La luminosité de la terre et l'épreuve du feu
Chagall ne s’inscrira jamais dans une dynamique de production de céramiques, puisque toutes ses créations sont uniques, et qu’il était intéressé non par la simple déclinaison de ses œuvres sur un nouveau support mais par la création approprié à un nouveau matériau ainsi que l’attestent les expérimentations auxquelles il se livrait, notamment les superpositions de matières, les cuissons successives et la pratique de la céramique murale.
Sur la céramique, il met son expérience de peintre et de graveur au service de la sculpture pour créer des peintures en relief, puis en 3 dimensions, et celle de coloriste à l’épreuve du feu dont il ne maîtrise les effets ni sur la matière ni sur les pigments.
A cet égard, il est émouvant de voir exposées les les palettes de couleurs que l'atelier lui avait confectionné pour lui permettre d'identifier les couleurs.
Par ailleurs, même si l’intérêt de Chagall pour ce support, dont l’arrêt fut aussi brutal que son début fulgurant, a été relativement limité dans le temps, avec une courte période de création intensive, les commissaires de l’exposition, Sandra Benadretti Pellard, Bruno Gaudichon et Joséphine Matamoros, n’ont souhaité l’isoler de l’ensemble de son œuvre picturale et y ont donc associé des toiles significatives comme "Les Pâques"
Le peintre-potier, donner à voir et à toucher
L’exposition s’organise autour de la dualité chagalienne, le profane et le sacré. Au rez-de-chaussée, dans une présentation sobre et élégante qui transforme les contraintes de la salle voûtée en élément scénographique, l’amour, la femme et le bestiaire.
On retrouve tous les thèmes chers à Chagall qu'il réinvente pour les inscrire dans la terre de manière très expressive.

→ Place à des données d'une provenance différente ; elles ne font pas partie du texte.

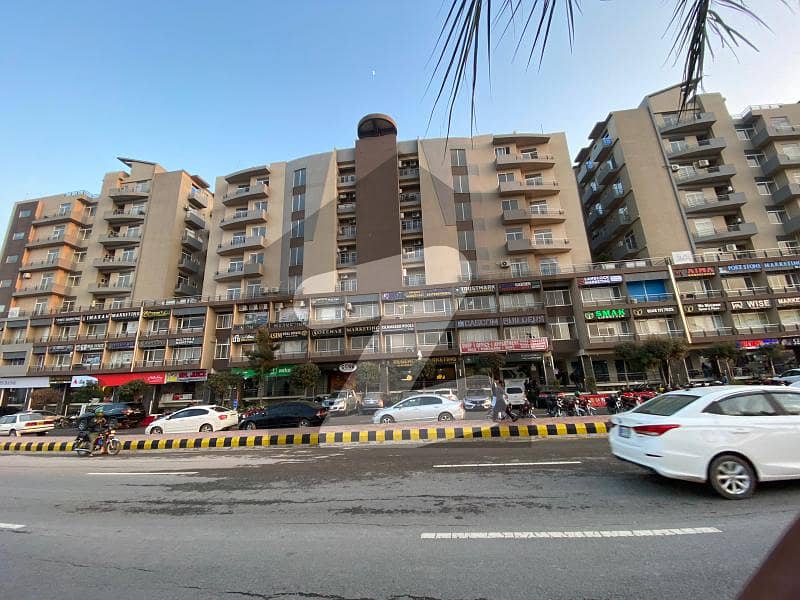 Apartment For Sale | Gulberg Greens | Luxus Mall & Residency Apartment For Sale | Gulberg Greens | Luxus Mall & Residency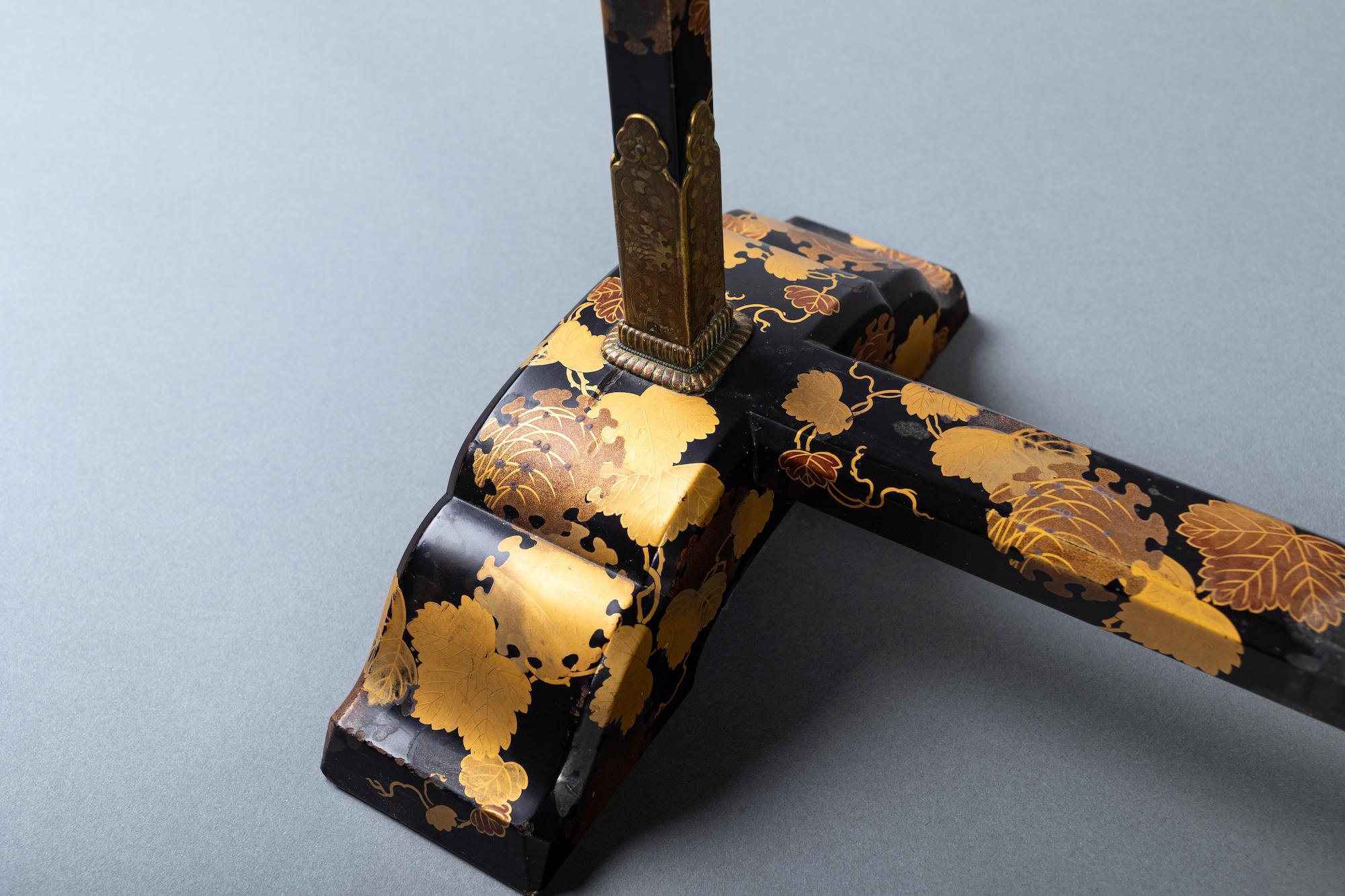 Beautifully Decorated Lacquer Towel  Rack for Tea Ceremony.  For Sale 3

Même si, au début, il travaille sur des formes utilitaires simples et typiques de l arégion, comme les plats et les assiettes, il ne se contente déjà plus du pinceau et ne cède pas à la tentation du décoratif.
Les contours du support induisent les formes qui correspondent à son imaginaire et le travail manuel de cette matière organique lui inspire manifestement une sensualité accrue que l’on retrouve dans les nus ("Nu aux bras levés", "Deux femmes", "Le matin").
Il y éprouve ses thèmes récurrents, la femme, le bestaiire, les fables, la mythologie biblique, avec une palette qui va s'enrichir des couleurs fruit du hasard de la flamme.
Très vite, il passe au vase qui se présente comme une peinture en 3 dimensions ("Le songe d'une nuit d'été") et au travail en ronde bosse pour créer des vases anthropomorphiques ("Vase sculpté").
Véritable prélude à la sculpture, il y greffe animaux et personnages ("Les amoureux et la bête", "Le paysan au puits"), mais ceci est une autre histoire.
L’étage, volume blanc dépouillé et monacal, est consacré à la thématique biblique, domaine de prédilection dans lequel il va travailler la composition sur céramique murale ("La création de l'homme"), passant du carreau à la fresque murale.
Une exposition riche et précieuse qu'il serait impardonnable de rater. Sessions de rattrapage pour ceux qui ne pourraient se déplacer : à Roubaix d'octobre 2007 à janvier 2008 et à Céret de février à mai 2008.